Luckily my masseuse was less the toothless-meth type and more the patchouli-I-rode-my-bike-here-and-got-a-deal-on-these-sensible-brown-knit-pants-at-a-thrift-store-in-1998 type. The massage was great, despite the fact that I was creeped out that she had a back pack and a duffle bag sitting on the floor of the massage room. And despite the fact that for the first 20 minutes I kept obsessing over what I would do if I got a massage from someone with a wart on their hand. Now she didn't have any warts. (I inspected her hands as soon as the horrid thought popped in my head.) But even though I was in the clear, I couldn't stop thinking about it. I finally had to give myself a serious lecture to snap out of it or I knew I would ruin the whole experience. In the end I left relaxed, refreshed, and grateful.
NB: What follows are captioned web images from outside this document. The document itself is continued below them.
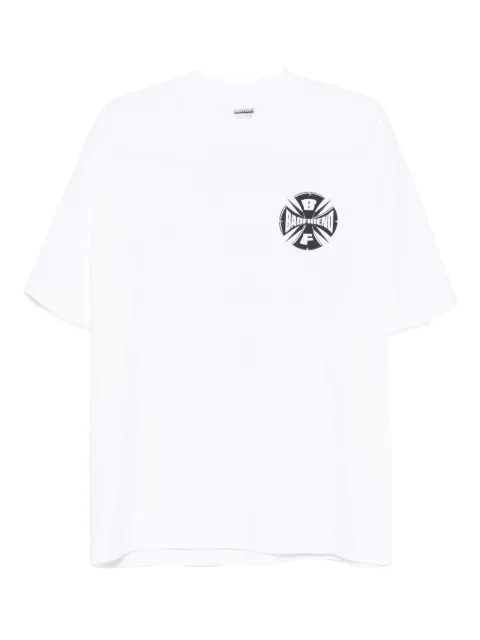 BADFRIEND logo-print crew-neck T-shirt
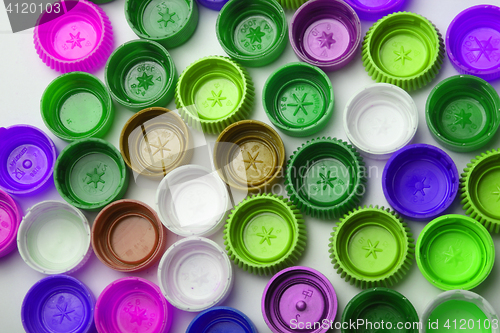 Image of plastic caps background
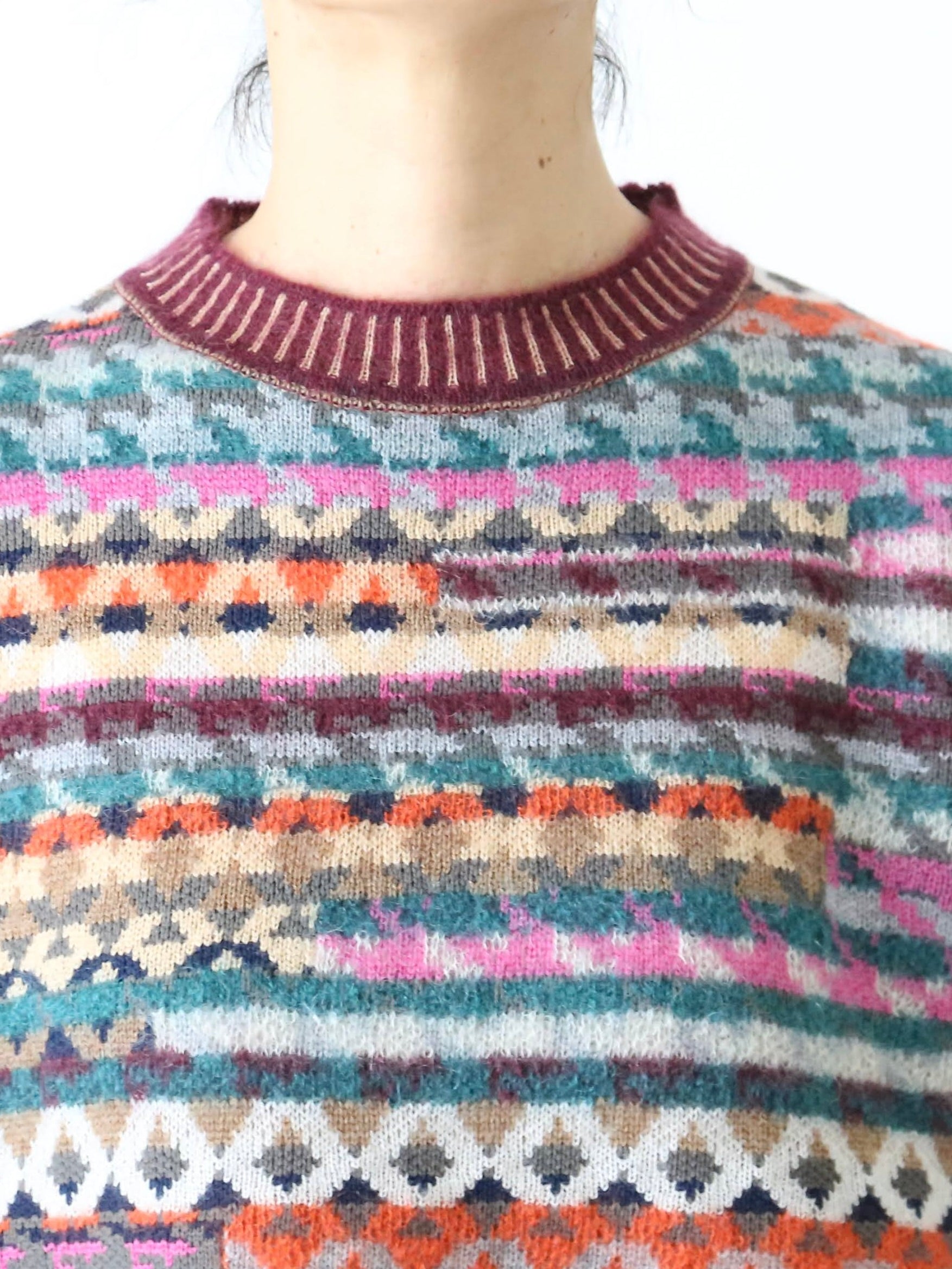 ANTIPAST ジャガードニットプルオーバー[S0302]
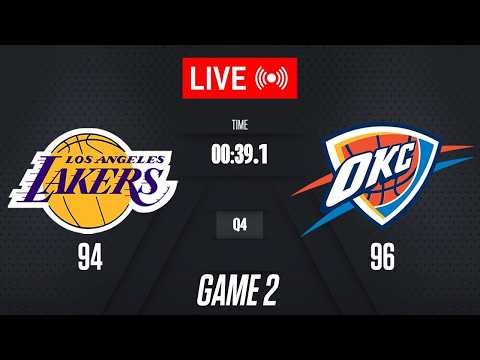NBA LIVE! Los Angeles Lakers vs Oklahoma City Thunder GAME 2 | May 8, 2026 | NBA 2K26 SIMULATION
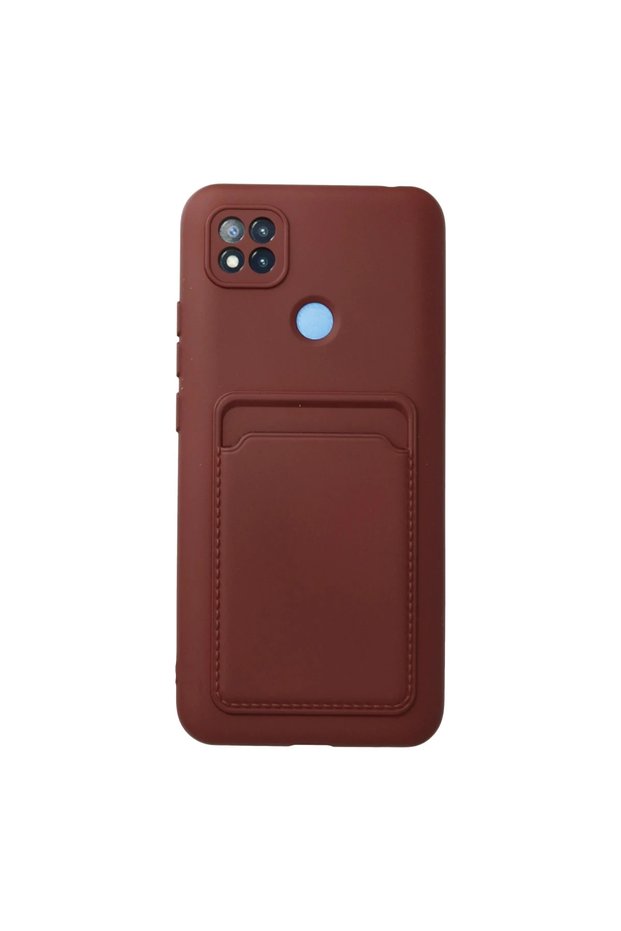 Xiaomi Redmi 9C Case Kelvin Silicone with Business Card - Claret Red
I remember my intense and passionate modern dance teacher in college required all the students to get massages as part of their grade in the class. She also would come around during class and touch each of us on the face as we were warming up. She felt strongly that human touch was essential to health and to being a dancer or any kind of artist. People that are held and touched more as children are 75% less likely to end up in jail. I actually just made that statistic up, but I bet something like that is true. Being touched lets us know we are okay. We are human. We are connected. So if you need some peace, go get a massage from patchouli-pants in PB, or go give someone a hug, or come over and visit and let Eva honk your nose.

1 comment:

  1. I heard Adam gets "massages" from toothless meth ladies all the time. The person I heard it from isn't very reliable though. So take that with a grain of salt I guess.